David Karl, SCOPE Co-Director, Elected to American Academy of Arts and Sciences
David Karl, co-director of the Simons Collaboration on Ocean Processes and Ecology (SCOPE), was elected to the American Academy of Arts and Sciences (AAAS) on April 22.
The AAAS is among the nation’s most prestigious honorary societies and a leading center for independent policy research. The society aims to advance science, engineering and innovation throughout the world for the benefit of all people.
David Karl is the Victor and Peggy Brandstrom Pavel Chair in Oceanography and director of the Daniel K. Inouye Center for Microbial Oceanography: Research and Education (C-MORE) at the University of Hawai’i at Manoa. His research interests concern oceanic energy and matter transformations ranging from solar energy capture to the major cycles of carbon, nitrogen and sulfur. He has developed and employed novel analytical techniques to study ecological and biogeochemical processes in the sea, with a focus on blue-water oceanography.
Karl has conducted research at sea since 1973, participating in 23 expeditions to Antarctica. In 1988 he co-founded the Hawai’i Ocean Time-series (HOT) program, which has conducted sustained physical, biogeochemical and microbial measurements and experiments at Station ALOHA in the North Pacific Subtropical Gyre for an unprecedented 27 consecutive years. In 2006, he led a team of scientists in establishing a new Science and Technology Center at the University of Hawai’i, supported by the National Science Foundation. As director of C-MORE, Karl conducts collaborative research on marine microorganisms — from genomes to biomes — and aims to prepare the next generation of microbial oceanographers.

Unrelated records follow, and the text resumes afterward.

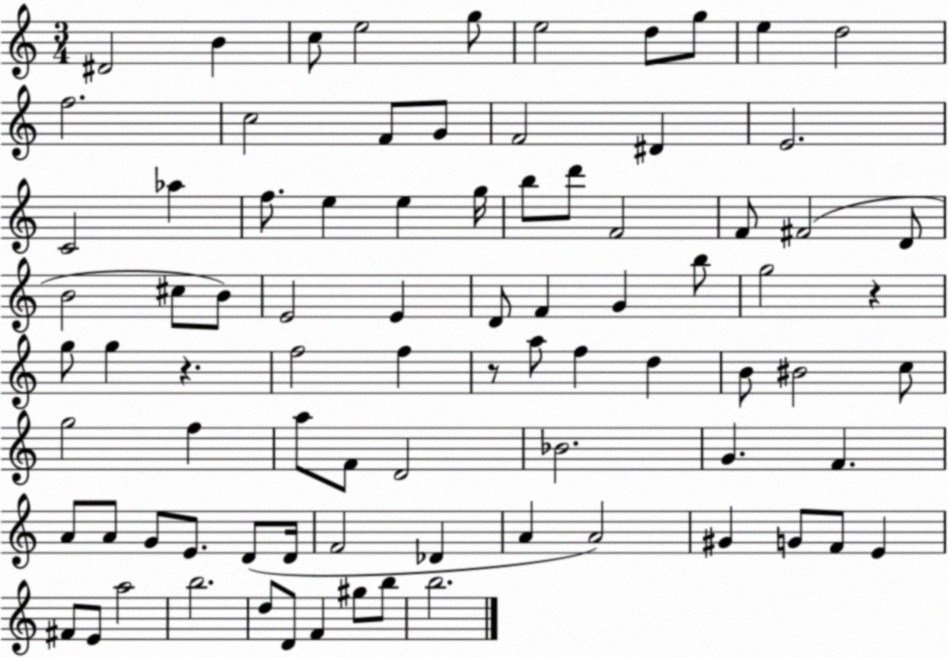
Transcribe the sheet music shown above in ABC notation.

X:1
T:Untitled
M:3/4
L:1/4
K:C
^D2 B c/2 e2 g/2 e2 d/2 g/2 e d2 f2 c2 F/2 G/2 F2 ^D E2 C2 _a f/2 e e g/4 b/2 d'/2 F2 F/2 ^F2 D/2 B2 ^c/2 B/2 E2 E D/2 F G b/2 g2 z g/2 g z f2 f z/2 a/2 f d B/2 ^B2 c/2 g2 f a/2 F/2 D2 _B2 G F A/2 A/2 G/2 E/2 D/2 D/4 F2 _D A A2 ^G G/2 F/2 E ^F/2 E/2 a2 b2 d/2 D/2 F ^g/2 b/2 b2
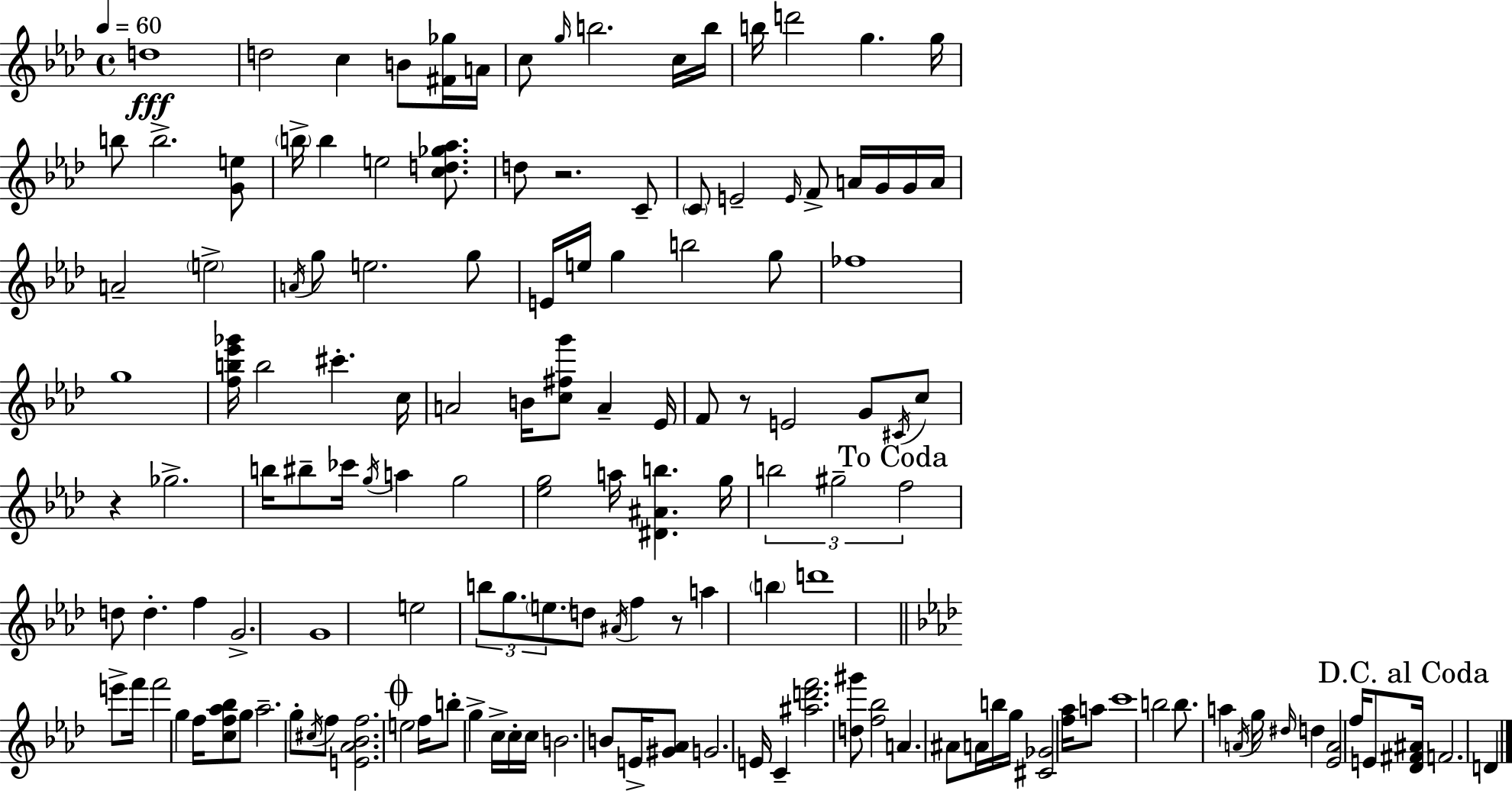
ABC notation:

X:1
T:Untitled
M:4/4
L:1/4
K:Fm
d4 d2 c B/2 [^F_g]/4 A/4 c/2 g/4 b2 c/4 b/4 b/4 d'2 g g/4 b/2 b2 [Ge]/2 b/4 b e2 [cd_g_a]/2 d/2 z2 C/2 C/2 E2 E/4 F/2 A/4 G/4 G/4 A/4 A2 e2 A/4 g/2 e2 g/2 E/4 e/4 g b2 g/2 _f4 g4 [fb_e'_g']/4 b2 ^c' c/4 A2 B/4 [c^fg']/2 A _E/4 F/2 z/2 E2 G/2 ^C/4 c/2 z _g2 b/4 ^b/2 _c'/4 g/4 a g2 [_eg]2 a/4 [^D^Ab] g/4 b2 ^g2 f2 d/2 d f G2 G4 e2 b/2 g/2 e/2 d/2 ^A/4 f z/2 a b d'4 e'/2 f'/4 f'2 g f/4 [cf_a_b]/2 g/2 _a2 g/2 ^c/4 f/2 [E_A_Bf]2 e2 f/4 b/2 g c/4 c/4 c/4 B2 B/2 E/4 [^G_A]/2 G2 E/4 C [^ad'f']2 [d^g']/2 [f_b]2 A ^A/2 A/4 b/4 g/4 [^C_G]2 [f_a]/4 a/2 c'4 b2 b/2 a A/4 g/4 ^d/4 d [_EA]2 f/4 E/2 [_D^F^A]/4 F2 D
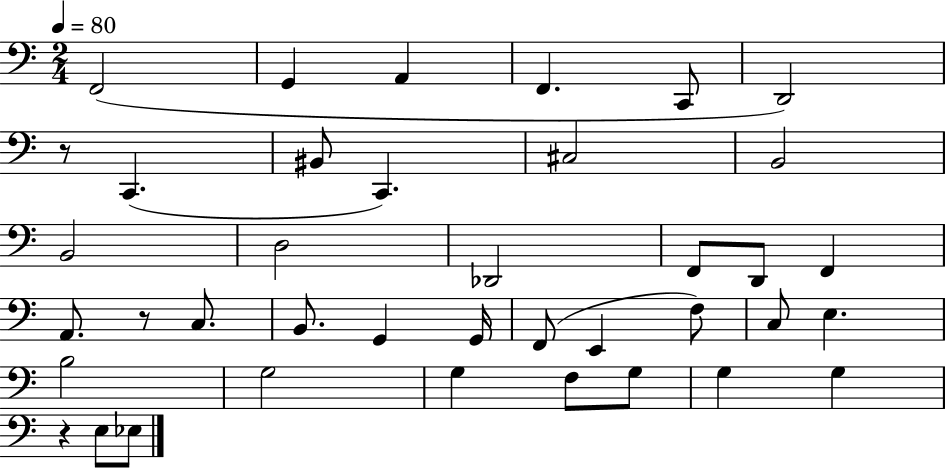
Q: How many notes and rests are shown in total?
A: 39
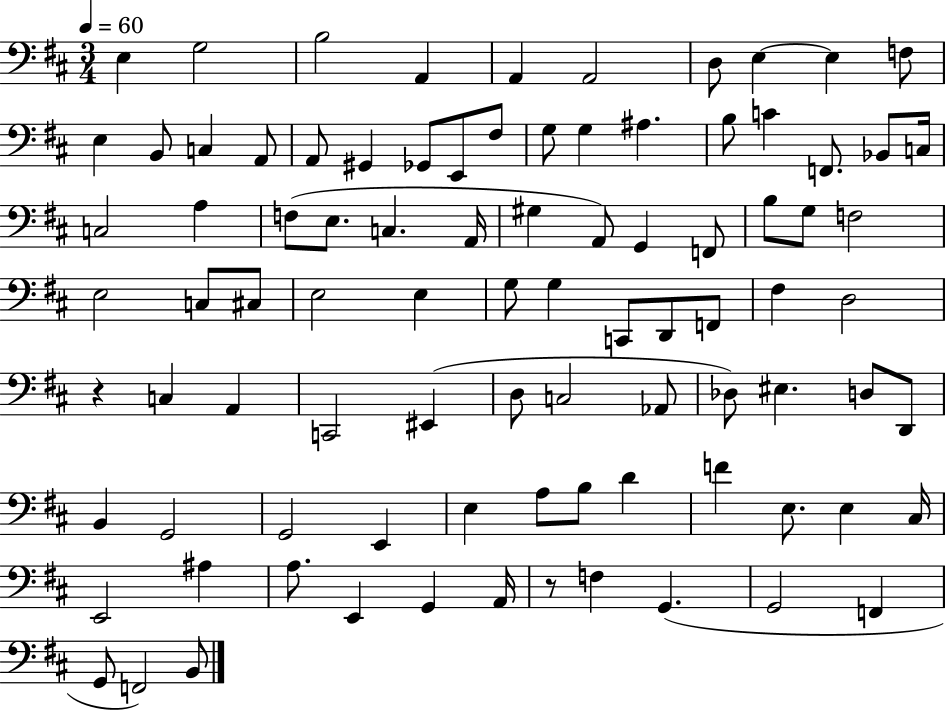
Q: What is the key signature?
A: D major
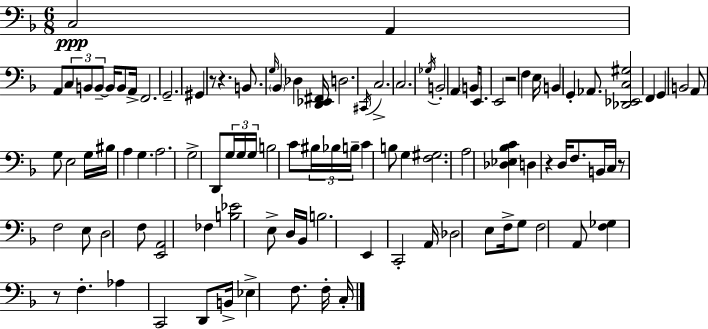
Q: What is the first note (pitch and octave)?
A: C3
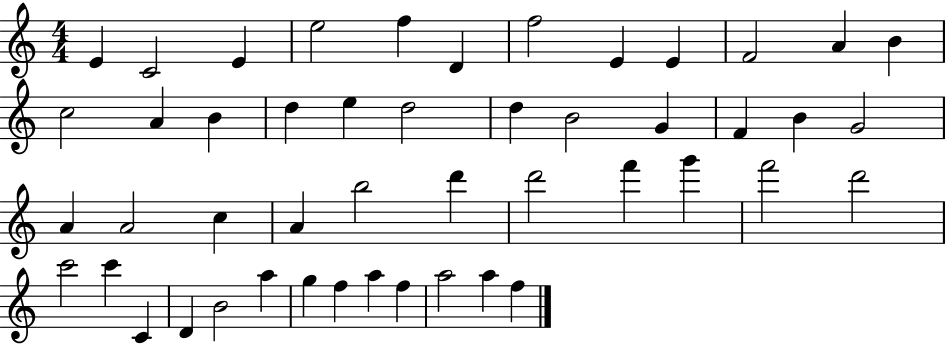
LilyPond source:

{
  \clef treble
  \numericTimeSignature
  \time 4/4
  \key c \major
  e'4 c'2 e'4 | e''2 f''4 d'4 | f''2 e'4 e'4 | f'2 a'4 b'4 | \break c''2 a'4 b'4 | d''4 e''4 d''2 | d''4 b'2 g'4 | f'4 b'4 g'2 | \break a'4 a'2 c''4 | a'4 b''2 d'''4 | d'''2 f'''4 g'''4 | f'''2 d'''2 | \break c'''2 c'''4 c'4 | d'4 b'2 a''4 | g''4 f''4 a''4 f''4 | a''2 a''4 f''4 | \break \bar "|."
}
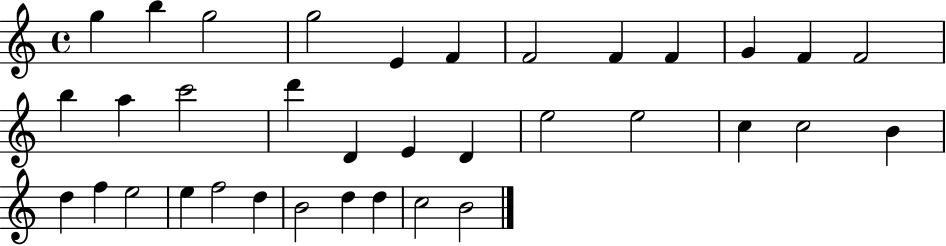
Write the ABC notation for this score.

X:1
T:Untitled
M:4/4
L:1/4
K:C
g b g2 g2 E F F2 F F G F F2 b a c'2 d' D E D e2 e2 c c2 B d f e2 e f2 d B2 d d c2 B2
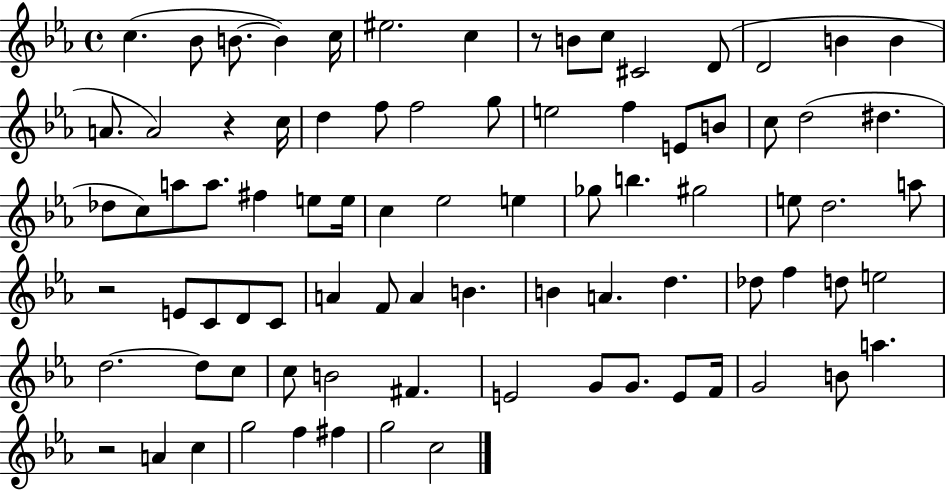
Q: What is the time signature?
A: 4/4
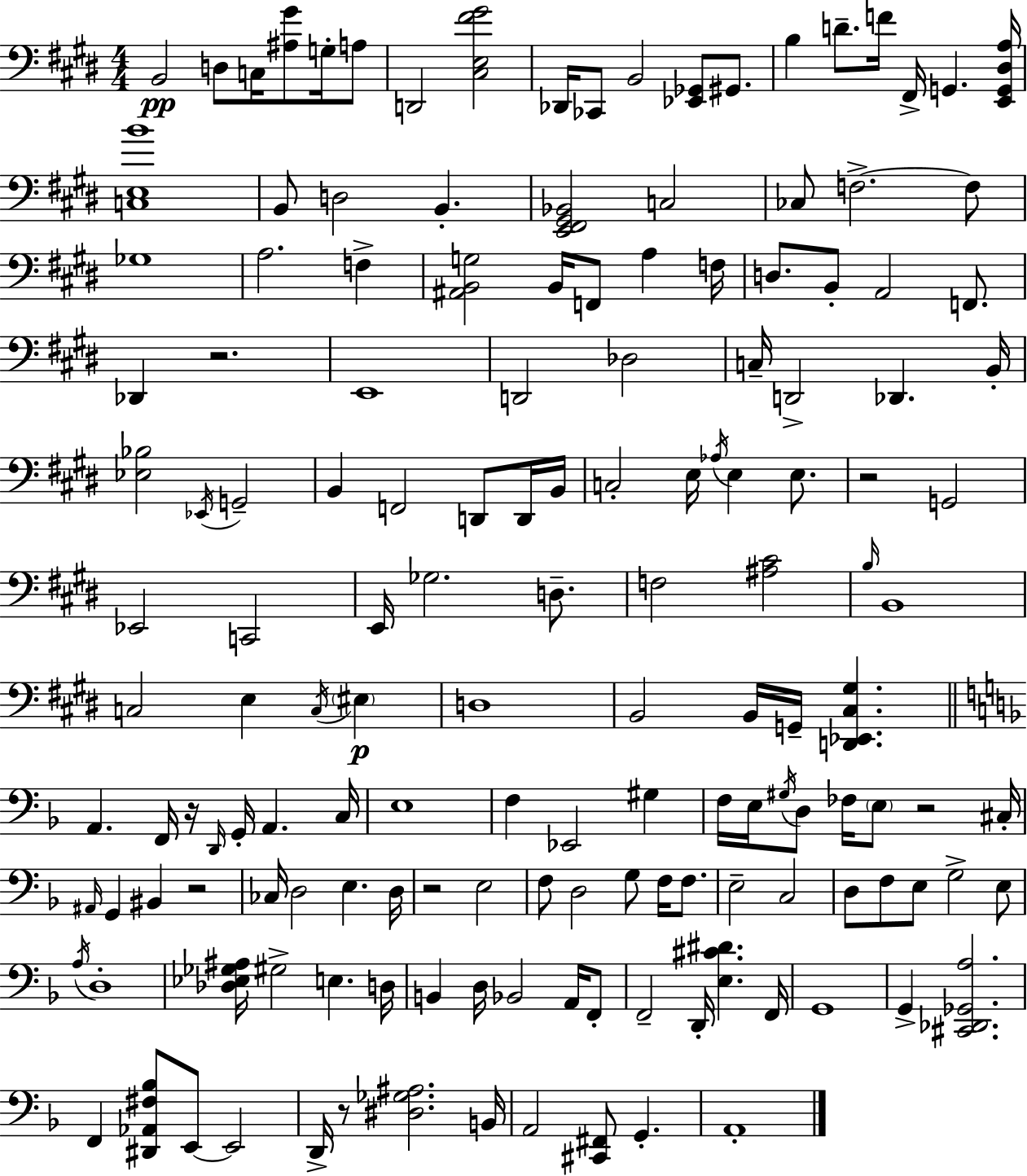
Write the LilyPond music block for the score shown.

{
  \clef bass
  \numericTimeSignature
  \time 4/4
  \key e \major
  \repeat volta 2 { b,2\pp d8 c16 <ais gis'>8 g16-. a8 | d,2 <cis e fis' gis'>2 | des,16 ces,8 b,2 <ees, ges,>8 gis,8. | b4 d'8.-- f'16 fis,16-> g,4. <e, g, dis a>16 | \break <c e b'>1 | b,8 d2 b,4.-. | <e, fis, gis, bes,>2 c2 | ces8 f2.->~~ f8 | \break ges1 | a2. f4-> | <ais, b, g>2 b,16 f,8 a4 f16 | d8. b,8-. a,2 f,8. | \break des,4 r2. | e,1 | d,2 des2 | c16-- d,2-> des,4. b,16-. | \break <ees bes>2 \acciaccatura { ees,16 } g,2-- | b,4 f,2 d,8 d,16 | b,16 c2-. e16 \acciaccatura { aes16 } e4 e8. | r2 g,2 | \break ees,2 c,2 | e,16 ges2. d8.-- | f2 <ais cis'>2 | \grace { b16 } b,1 | \break c2 e4 \acciaccatura { c16 } | \parenthesize eis4\p d1 | b,2 b,16 g,16-- <d, ees, cis gis>4. | \bar "||" \break \key f \major a,4. f,16 r16 \grace { d,16 } g,16-. a,4. | c16 e1 | f4 ees,2 gis4 | f16 e16 \acciaccatura { gis16 } d8 fes16 \parenthesize e8 r2 | \break cis16-. \grace { ais,16 } g,4 bis,4 r2 | ces16 d2 e4. | d16 r2 e2 | f8 d2 g8 f16 | \break f8. e2-- c2 | d8 f8 e8 g2-> | e8 \acciaccatura { a16 } d1-. | <des ees ges ais>16 gis2-> e4. | \break d16 b,4 d16 bes,2 | a,16 f,8-. f,2-- d,16-. <e cis' dis'>4. | f,16 g,1 | g,4-> <cis, des, ges, a>2. | \break f,4 <dis, aes, fis bes>8 e,8~~ e,2 | d,16-> r8 <dis ges ais>2. | b,16 a,2 <cis, fis,>8 g,4.-. | a,1-. | \break } \bar "|."
}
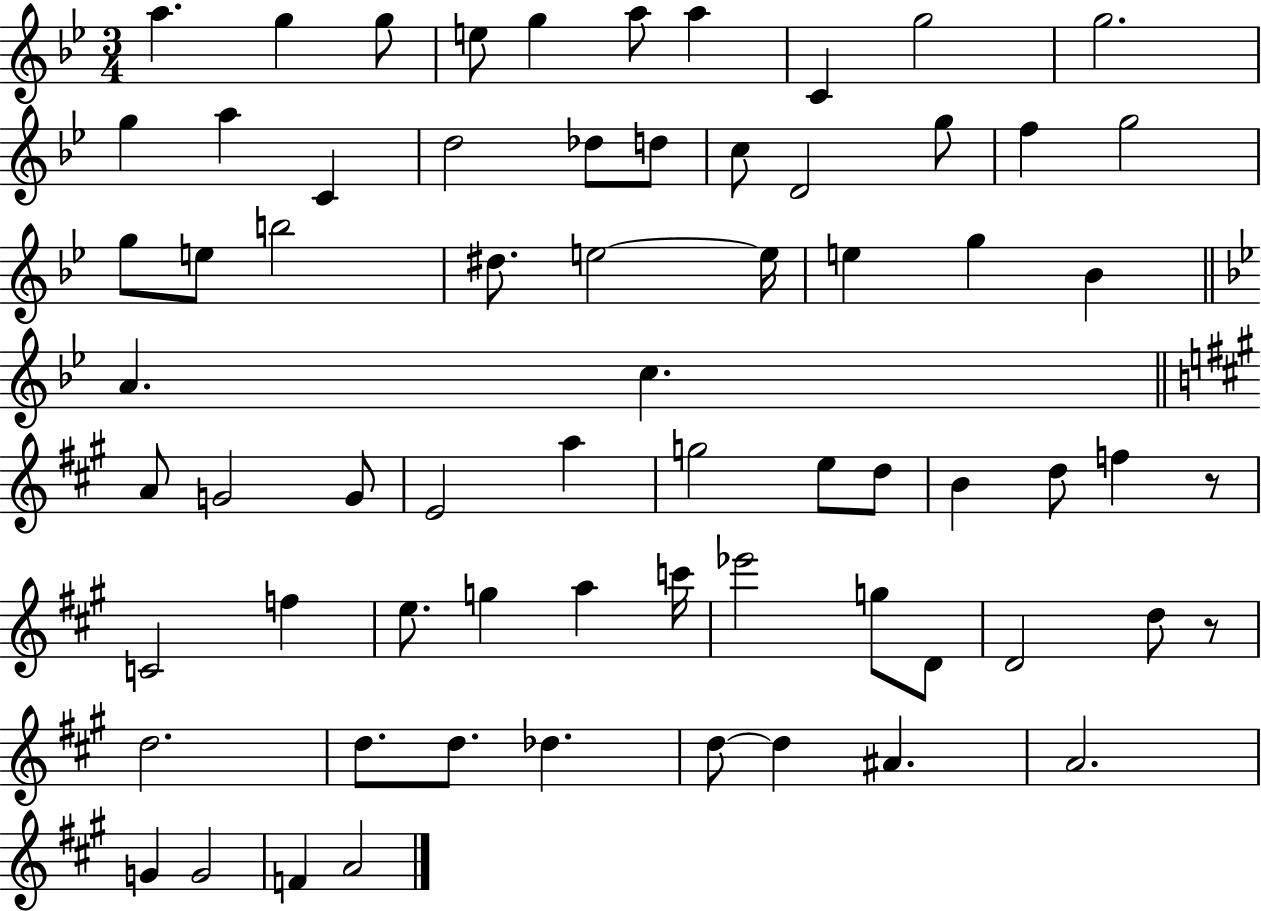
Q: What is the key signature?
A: BES major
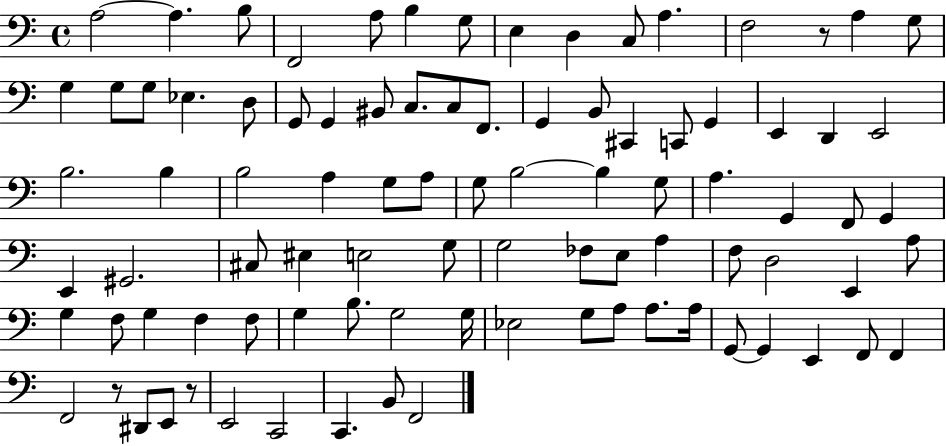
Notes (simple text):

A3/h A3/q. B3/e F2/h A3/e B3/q G3/e E3/q D3/q C3/e A3/q. F3/h R/e A3/q G3/e G3/q G3/e G3/e Eb3/q. D3/e G2/e G2/q BIS2/e C3/e. C3/e F2/e. G2/q B2/e C#2/q C2/e G2/q E2/q D2/q E2/h B3/h. B3/q B3/h A3/q G3/e A3/e G3/e B3/h B3/q G3/e A3/q. G2/q F2/e G2/q E2/q G#2/h. C#3/e EIS3/q E3/h G3/e G3/h FES3/e E3/e A3/q F3/e D3/h E2/q A3/e G3/q F3/e G3/q F3/q F3/e G3/q B3/e. G3/h G3/s Eb3/h G3/e A3/e A3/e. A3/s G2/e G2/q E2/q F2/e F2/q F2/h R/e D#2/e E2/e R/e E2/h C2/h C2/q. B2/e F2/h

Karl has received several awards and honors, including the 2015 DuPont Award in Applied and Environmental Microbiology, the G. Evelyn Hutchinson Medal from the American Society of Limnology and Oceanography, the Henry Bryant Bigelow Medal from Woods Hole Oceanographic Institution, the Alexander Agassiz Medal from the National Academy of Sciences and an honorary D.Sc. degree from the University of Chicago. He is a fellow of the American Geophysical Union and the American Academy of Microbiology, and a member of the National Academy of Sciences.